I was originally of two minds as to whether the ambiguities in the factualness of Charlotte's stories works or not. Initially, After seeing the play in 2007, I thought that ambiguity hurt the play, that Charlotte would have been a more concrete character if Wright had passed some sort of judgment on her stories. But, in retrospect, leaving the ambiguities intact may have served Charlotte better. She wanted to be taken on her own terms. One of those terms being her life, her legacy as constructed through her stories. The accuracy of those stories is, in the final analysis, irrelevant.
In fact, after seeing this play, I watched a 1992 Docu-Drama on Charlotte, called I am My Own Woman (Ich bin meine eigene Frau), which is an unambiguous ode to Charlotte, totally white-washing her Stasi ties, and ending with the Bundesverdienstkreuz award. For my tastes, the play is a more effective piece, despite the presence of Charlotte herself in the film, often in conversation with the actors playing her at younger ages. It may be simply that the filmmakers were working before Charlotte's 2002 death, or, more likely, the film itself is part of the oral-history legacy she chose to leave behind.
Scenic Designers Paul Conroy and Graham Miller have chosen to put Charlotte in a plain beige set with a few suggested wall items and props to "fill out" our imaginations (one wall hanging is both a clock's pendulum and a telephone, for example). While this does create a simple scheme for scene changes and segues, it nevertheless fails to evoke the cluttered reality of Charlotte's surroundings, as the 2007 Actor's Express dark prop-heavy set did. An argument can be made that it is a play about Charlotte, and not about her 'stuff," and for some, that may be true. I would counter that her "stuff" was a major part of her character and its absence, to my mind, diminishes her. A bit. Mr. Smith does what they can here, lovingly polishing or dusting a particular piece, or launching into a history of another, but it doesn't fill the profound emptiness of the physical space.

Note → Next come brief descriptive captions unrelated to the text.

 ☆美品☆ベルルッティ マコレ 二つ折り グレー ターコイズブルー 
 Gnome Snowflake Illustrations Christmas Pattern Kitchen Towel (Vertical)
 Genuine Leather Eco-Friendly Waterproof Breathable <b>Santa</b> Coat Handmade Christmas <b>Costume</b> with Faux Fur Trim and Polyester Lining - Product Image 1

In any case, it's been 12 years since that prior production, and few new viewers will have the elephantine (and too-often faulty) memory I brought to the show.
In any case, whether you believe Charlotte or not, you will certainly believe Peter Smith and (most of) their roster of performances. I left the play wanting to know even more about Charlotte. For the record, a grainy copy of Ich bin meine eigene Frau can be found on YouTube HERE and is worth a look if you want to see and hear the real Charlotte. (Parts of it play in the lobby before the show.) (Fair Warning -- Charlotte loved the male form, and there is some full-frontal imagery and some R-Rated scenes that are decidedly NSFW.)

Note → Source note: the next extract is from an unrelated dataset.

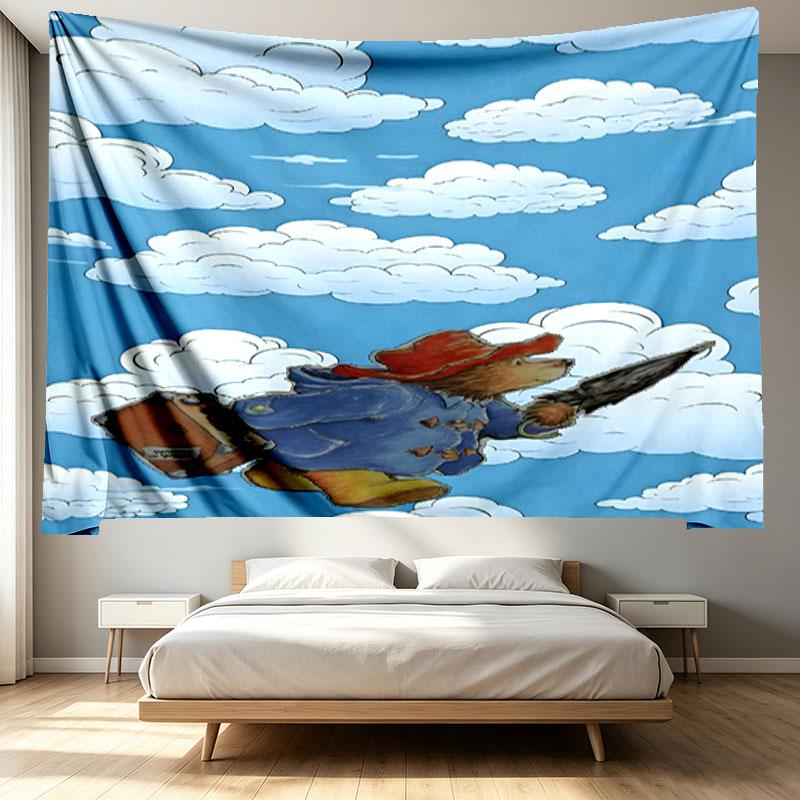 Paddington Bear Print Tapestry - Portable Wall Decor Cloth, for Home, Dorm, Travel, Bedroom, Living Room - Ideal Birthday Housewarming Gift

Doug Wright's I am My Own Wife and Out Front Theatre's staging of it remain an exceptional glimpse into the stories of an exceptional Human, one who was able to navigate the twin-razor blades of Nazi Occupation and Communist Oppression while wearing high heels. Whatever level of truthfulness propels this story, hers is truly a Survivor Song.
-- Brad Rudy (BKRudy@aol.com @bk_rudy #OutFrontTheatre #IAmMyOwnWife)

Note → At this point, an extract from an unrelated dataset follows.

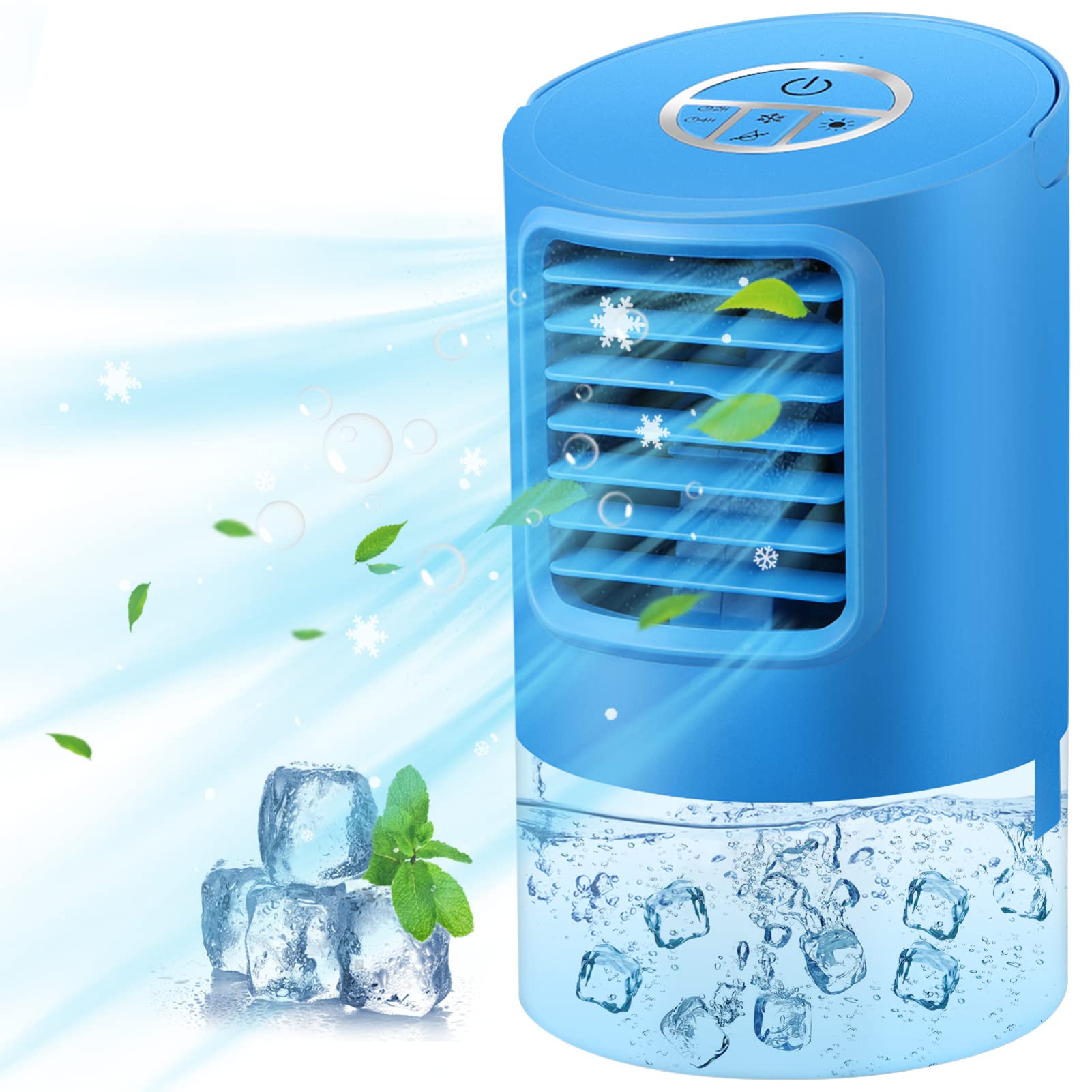 BESPORTBLE Portable Mini Air Cooler Fan - Personal Space Cooler, Compact Desktop Table Fan with US Plug, Quiet Cooling for Home Office & Bedroom (Blue) - Perfect for Summer, Travel & Small Spaces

* The Gründerzeit, literally "Time of Founders," was an economic era in Germany and Austria that pre-dated the Great Stock Market Crash of 1873. A large influx of capital, reparations from the Franco-Prussian War (1870-1871), created a new generation of entrepreneurs and wealth. It was also a time of elegant Transvestite Balls and perceived loosening of anti-gay law enforcement, so Charlotte's obsession with the period should not come as a surprise. More info is HERE. For the record, a Gründerzeit is also a jim-dandy pre-show drink available at the Out Front bar.